## EXERCISE INSTRUCTIONS:
Reproduce all of the data below without alteration; exclude every picture.

## DATASET EXCERPT:
^^^^

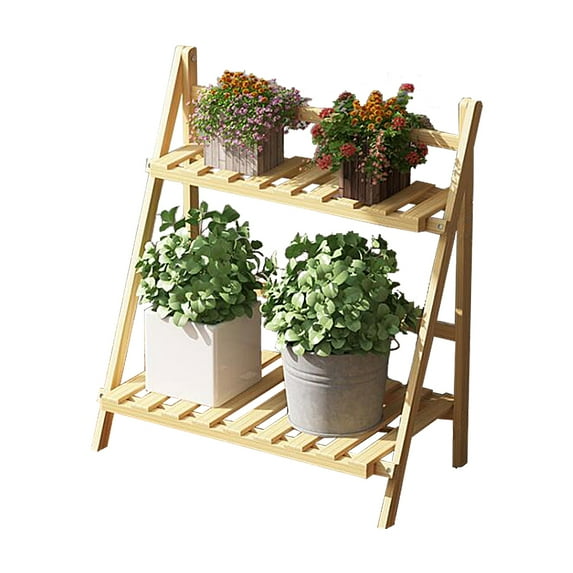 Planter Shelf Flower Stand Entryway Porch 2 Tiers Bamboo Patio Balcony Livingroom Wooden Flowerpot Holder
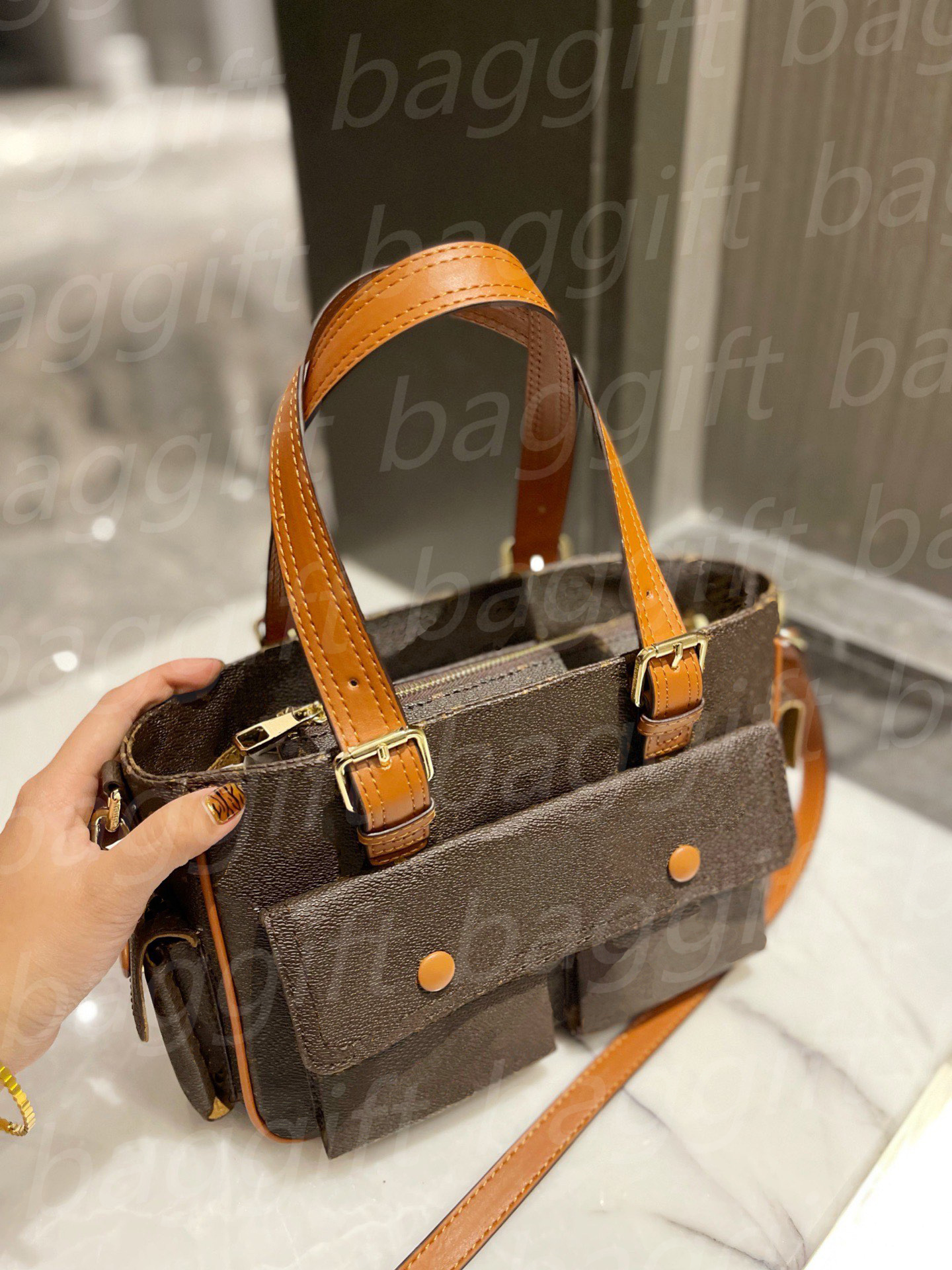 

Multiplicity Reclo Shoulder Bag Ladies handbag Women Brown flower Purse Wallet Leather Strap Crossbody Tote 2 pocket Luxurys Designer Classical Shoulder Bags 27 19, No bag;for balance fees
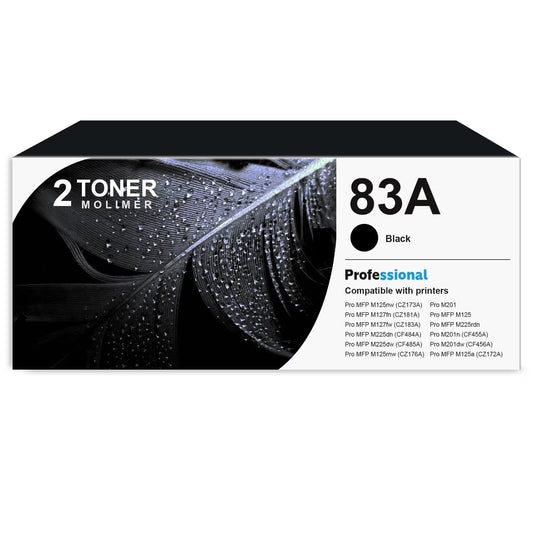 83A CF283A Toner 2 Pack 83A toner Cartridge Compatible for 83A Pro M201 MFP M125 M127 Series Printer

^^^^

## RESULT FOR THIS EXERCISE:
 Planter Shelf Flower Stand Entryway Porch 2 Tiers Bamboo Patio Balcony Livingroom Wooden Flowerpot Holder

Multiplicity Reclo Shoulder Bag Ladies handbag Women Brown flower Purse Wallet Leather Strap Crossbody Tote 2 pocket Luxurys Designer Classical Shoulder Bags 27 19, No bag;for balance fees
 83A CF283A Toner 2 Pack 83A toner Cartridge Compatible for 83A Pro M201 MFP M125 M127 Series Printer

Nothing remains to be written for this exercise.